I was speechless, devastated. At that moment, I thought Nick was the meanest man on the planet. I was only twelve years old and I had to make a decision that might impact my entire future. I was crying when I got home. My mom asked me why. When I told her, she said, “Just remember which people make you cry.”

It shook my father up, too. It was as if he’d been slapped awake. Was he screwing me up? Was he putting everything in jeopardy? That’s the impression we got from Nick. Yuri was bugged, but he knew that Nick was right: a decision had to be made.

My father and I remember the next part differently. As I remember it, the decision, as Nick said it had to be, was left to me. Who else could know what it was like from the inside? I spent days and days going back and forth, choosing and then reversing that choice. It was one of the hardest decisions I’ve ever had to make. Lefty or righty? Righty or lefty? To be or not to be? My mom and dad would come out onto the court and videotape me from different angles, helping me examine the question in every possible way. In the end, I decided to stick with what I knew, with what I am, with what I’ve always been. I’m a righty. If I’d been seven instead of twelve years old, maybe I would have chosen differently. But if I switched hands at twelve, then I’d really have been going back to square one. I would lose all those seasons and all those years of work and development, all those hours with Yudkin, and Bollettieri, and Sekou, and Robert, all those matches on all those blistering days. I just didn’t have that much strength in my left arm. I had never developed it. That was especially evident when I hit a lefty serve. I’d be taking a big step back. In the end, I just did not have the energy or desire or faith to make such a radical change. I told my father, and Nick, and Robert, “I’ve always been a righty. That’s what I’m going to keep on being.”

“Good choice,” said Nick. “Now let’s get back to work.”

This lefty-righty adventure, even without the permanent switch, did actually affect my game. First of all, it really built up my backhand. In the old days, a coach would tie a young basketball player’s right hand behind his back to develop his left. That’s what it was like for me: all those weeks of playing lefty really worked up and developed my backhand. Like Robert said, it became my weapon. Backhand, down the line, my favorite shot.

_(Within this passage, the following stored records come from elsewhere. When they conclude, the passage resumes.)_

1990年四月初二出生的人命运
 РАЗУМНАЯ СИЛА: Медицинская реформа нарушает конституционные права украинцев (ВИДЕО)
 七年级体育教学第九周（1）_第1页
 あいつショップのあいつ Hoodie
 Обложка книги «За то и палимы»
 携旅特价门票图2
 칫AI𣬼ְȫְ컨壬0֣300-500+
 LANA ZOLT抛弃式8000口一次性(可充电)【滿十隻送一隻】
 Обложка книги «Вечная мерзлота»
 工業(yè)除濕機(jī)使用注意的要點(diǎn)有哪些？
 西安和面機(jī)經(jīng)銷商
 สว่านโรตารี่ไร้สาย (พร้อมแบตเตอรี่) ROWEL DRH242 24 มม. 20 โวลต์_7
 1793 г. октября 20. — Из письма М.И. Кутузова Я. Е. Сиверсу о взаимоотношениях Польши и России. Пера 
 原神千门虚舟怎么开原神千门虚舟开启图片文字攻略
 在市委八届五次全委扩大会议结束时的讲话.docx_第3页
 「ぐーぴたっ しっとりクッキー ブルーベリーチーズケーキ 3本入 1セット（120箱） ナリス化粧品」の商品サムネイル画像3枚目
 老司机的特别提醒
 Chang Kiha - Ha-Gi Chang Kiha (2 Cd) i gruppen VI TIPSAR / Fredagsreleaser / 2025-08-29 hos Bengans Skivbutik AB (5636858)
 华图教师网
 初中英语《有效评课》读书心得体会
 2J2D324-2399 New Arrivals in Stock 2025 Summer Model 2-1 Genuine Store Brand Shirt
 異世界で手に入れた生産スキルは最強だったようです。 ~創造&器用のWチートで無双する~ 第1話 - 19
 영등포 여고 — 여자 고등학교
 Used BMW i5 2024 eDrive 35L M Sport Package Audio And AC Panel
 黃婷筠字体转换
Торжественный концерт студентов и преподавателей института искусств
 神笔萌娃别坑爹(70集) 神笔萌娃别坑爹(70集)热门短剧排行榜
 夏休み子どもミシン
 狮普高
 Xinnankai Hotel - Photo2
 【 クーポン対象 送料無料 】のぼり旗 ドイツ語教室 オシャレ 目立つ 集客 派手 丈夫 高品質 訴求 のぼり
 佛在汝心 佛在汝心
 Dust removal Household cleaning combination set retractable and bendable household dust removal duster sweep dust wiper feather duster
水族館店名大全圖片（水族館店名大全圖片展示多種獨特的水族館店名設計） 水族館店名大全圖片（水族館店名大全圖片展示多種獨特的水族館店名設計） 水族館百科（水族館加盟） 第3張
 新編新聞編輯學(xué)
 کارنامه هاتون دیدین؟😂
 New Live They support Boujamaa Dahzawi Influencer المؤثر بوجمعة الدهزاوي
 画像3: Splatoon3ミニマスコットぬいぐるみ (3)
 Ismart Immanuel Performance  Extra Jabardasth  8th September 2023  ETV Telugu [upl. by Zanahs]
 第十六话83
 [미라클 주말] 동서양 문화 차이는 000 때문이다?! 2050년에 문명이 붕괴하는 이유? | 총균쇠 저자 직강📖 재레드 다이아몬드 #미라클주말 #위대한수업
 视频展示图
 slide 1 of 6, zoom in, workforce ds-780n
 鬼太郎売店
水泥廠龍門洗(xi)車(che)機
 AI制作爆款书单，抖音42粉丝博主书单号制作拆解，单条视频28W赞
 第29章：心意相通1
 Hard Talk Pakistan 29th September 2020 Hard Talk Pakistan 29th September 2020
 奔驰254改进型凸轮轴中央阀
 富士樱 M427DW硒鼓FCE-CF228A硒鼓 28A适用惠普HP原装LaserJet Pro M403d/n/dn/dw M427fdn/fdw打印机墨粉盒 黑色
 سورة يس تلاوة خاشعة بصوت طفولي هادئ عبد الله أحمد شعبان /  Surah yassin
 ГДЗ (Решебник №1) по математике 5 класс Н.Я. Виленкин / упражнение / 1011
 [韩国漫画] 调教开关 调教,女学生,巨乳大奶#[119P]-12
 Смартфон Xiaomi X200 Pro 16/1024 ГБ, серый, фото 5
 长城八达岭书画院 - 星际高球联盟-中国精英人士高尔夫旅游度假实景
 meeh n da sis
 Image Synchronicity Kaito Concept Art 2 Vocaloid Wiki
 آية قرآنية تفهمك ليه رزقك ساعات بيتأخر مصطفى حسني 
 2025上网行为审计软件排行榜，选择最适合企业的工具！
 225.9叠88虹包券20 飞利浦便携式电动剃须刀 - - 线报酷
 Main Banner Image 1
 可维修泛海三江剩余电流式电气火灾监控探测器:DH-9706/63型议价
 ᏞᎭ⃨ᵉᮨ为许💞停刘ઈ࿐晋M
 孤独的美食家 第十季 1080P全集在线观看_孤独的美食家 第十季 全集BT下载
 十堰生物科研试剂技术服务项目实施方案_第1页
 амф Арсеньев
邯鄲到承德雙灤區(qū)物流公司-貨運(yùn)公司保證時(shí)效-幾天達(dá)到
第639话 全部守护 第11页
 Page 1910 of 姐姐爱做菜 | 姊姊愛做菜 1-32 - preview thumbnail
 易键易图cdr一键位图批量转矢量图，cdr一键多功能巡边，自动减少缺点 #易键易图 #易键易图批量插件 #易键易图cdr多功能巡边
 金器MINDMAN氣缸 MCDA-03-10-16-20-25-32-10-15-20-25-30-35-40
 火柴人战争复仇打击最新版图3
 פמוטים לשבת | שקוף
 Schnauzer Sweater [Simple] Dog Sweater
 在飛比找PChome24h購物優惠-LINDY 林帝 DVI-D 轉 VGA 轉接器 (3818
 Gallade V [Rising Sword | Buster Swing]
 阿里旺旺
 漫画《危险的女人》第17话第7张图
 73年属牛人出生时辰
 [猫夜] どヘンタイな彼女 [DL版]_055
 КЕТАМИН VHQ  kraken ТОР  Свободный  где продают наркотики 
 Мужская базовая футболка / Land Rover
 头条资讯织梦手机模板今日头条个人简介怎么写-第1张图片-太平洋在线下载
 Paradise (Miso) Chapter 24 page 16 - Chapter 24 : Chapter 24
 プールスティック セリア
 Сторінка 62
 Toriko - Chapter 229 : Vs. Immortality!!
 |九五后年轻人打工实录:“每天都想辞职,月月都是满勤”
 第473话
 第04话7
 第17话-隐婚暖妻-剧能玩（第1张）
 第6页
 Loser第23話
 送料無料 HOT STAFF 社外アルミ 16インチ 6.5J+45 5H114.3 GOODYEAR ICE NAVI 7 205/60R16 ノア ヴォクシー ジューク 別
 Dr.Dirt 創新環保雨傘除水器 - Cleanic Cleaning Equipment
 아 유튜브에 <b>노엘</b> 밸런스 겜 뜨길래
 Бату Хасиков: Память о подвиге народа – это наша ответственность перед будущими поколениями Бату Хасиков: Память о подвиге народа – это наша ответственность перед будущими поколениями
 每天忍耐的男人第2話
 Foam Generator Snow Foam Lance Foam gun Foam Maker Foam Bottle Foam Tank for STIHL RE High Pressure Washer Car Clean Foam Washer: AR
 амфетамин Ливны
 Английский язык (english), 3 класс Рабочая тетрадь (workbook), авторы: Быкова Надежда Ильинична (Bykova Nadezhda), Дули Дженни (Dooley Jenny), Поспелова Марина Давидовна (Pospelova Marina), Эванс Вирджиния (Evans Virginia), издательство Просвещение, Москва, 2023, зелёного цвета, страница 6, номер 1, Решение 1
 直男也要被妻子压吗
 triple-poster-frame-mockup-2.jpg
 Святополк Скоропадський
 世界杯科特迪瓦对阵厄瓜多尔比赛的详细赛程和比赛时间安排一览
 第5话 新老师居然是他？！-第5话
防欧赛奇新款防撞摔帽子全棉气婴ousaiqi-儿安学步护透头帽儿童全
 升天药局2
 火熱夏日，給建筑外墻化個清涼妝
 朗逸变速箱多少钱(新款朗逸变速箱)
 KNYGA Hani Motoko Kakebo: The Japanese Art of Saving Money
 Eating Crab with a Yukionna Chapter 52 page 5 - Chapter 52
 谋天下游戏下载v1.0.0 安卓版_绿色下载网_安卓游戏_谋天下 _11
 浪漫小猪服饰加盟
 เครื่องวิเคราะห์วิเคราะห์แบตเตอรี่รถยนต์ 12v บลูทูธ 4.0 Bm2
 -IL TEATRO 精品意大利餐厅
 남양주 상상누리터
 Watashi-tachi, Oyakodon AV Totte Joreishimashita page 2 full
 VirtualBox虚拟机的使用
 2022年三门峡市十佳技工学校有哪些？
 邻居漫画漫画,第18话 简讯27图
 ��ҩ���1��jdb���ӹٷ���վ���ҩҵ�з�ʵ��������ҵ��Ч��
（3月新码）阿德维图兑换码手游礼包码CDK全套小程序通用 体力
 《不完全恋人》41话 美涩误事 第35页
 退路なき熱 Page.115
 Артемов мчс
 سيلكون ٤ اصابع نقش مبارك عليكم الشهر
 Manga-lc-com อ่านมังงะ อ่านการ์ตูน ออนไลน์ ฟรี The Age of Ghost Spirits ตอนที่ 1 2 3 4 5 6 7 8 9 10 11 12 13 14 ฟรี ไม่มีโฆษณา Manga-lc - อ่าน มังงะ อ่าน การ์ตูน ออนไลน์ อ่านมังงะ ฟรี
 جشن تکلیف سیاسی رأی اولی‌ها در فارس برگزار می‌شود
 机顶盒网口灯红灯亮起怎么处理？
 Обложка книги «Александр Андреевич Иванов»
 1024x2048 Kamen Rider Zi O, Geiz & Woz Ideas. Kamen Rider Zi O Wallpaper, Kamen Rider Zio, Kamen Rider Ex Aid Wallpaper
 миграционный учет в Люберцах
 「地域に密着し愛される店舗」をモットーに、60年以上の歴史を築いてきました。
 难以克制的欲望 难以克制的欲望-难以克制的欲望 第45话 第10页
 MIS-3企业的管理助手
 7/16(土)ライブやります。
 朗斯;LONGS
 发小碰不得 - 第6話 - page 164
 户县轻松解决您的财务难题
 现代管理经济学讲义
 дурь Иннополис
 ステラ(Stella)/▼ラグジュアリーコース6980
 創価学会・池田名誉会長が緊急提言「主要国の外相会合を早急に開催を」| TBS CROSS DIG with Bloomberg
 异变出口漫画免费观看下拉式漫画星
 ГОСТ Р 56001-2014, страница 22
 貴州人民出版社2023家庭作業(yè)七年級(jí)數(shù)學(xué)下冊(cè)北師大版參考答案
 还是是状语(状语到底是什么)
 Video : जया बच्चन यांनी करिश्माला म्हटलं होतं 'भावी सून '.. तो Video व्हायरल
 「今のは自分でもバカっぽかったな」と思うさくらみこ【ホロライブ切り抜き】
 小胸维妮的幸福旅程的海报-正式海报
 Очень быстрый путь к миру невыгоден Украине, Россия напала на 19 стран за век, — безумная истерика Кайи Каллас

My father remembers the decision being made in a different way. (At times, when we talk about the past, it’s as if we’ve been living in two different worlds.) He says the choice was made not by me but by him. By him! “How could such an important decision be left to a child?” he asks, shrugging. He had indeed been shaken by Nick Bollettieri and what he said on the court that day—“You have to make a choice. Otherwise, she’s going to be half as good at both and not nearly as good at either”—but he couldn’t make up his mind. Lefty was like the moonshot—it could transform everything—but righty was logical and smart. Look at how much success I’d already had with my right hand. So he hesitated and delayed.

“What were you waiting for?” I asked.

“What I’m always waiting for,” he told me. “A sign.”

It finally came at the end of dinner at a friend’s house—a tennis friend. Yuri held a dessert dish in one hand and a coffee mug in the other. He wandered into the living room, put the dish and cup on the coffee table, and sat on the couch to look at a stack of tennis magazines. He flipped through one at random. It fell open to the horoscope page. “Astrology Corner,” he told me. “And it said, right there, in black and white, I swear, Maria, it said: ‘The number one women’s tennis player in the world will have the initials M. S. and she will be right-handed.”

Yuri never mentioned my left hand again.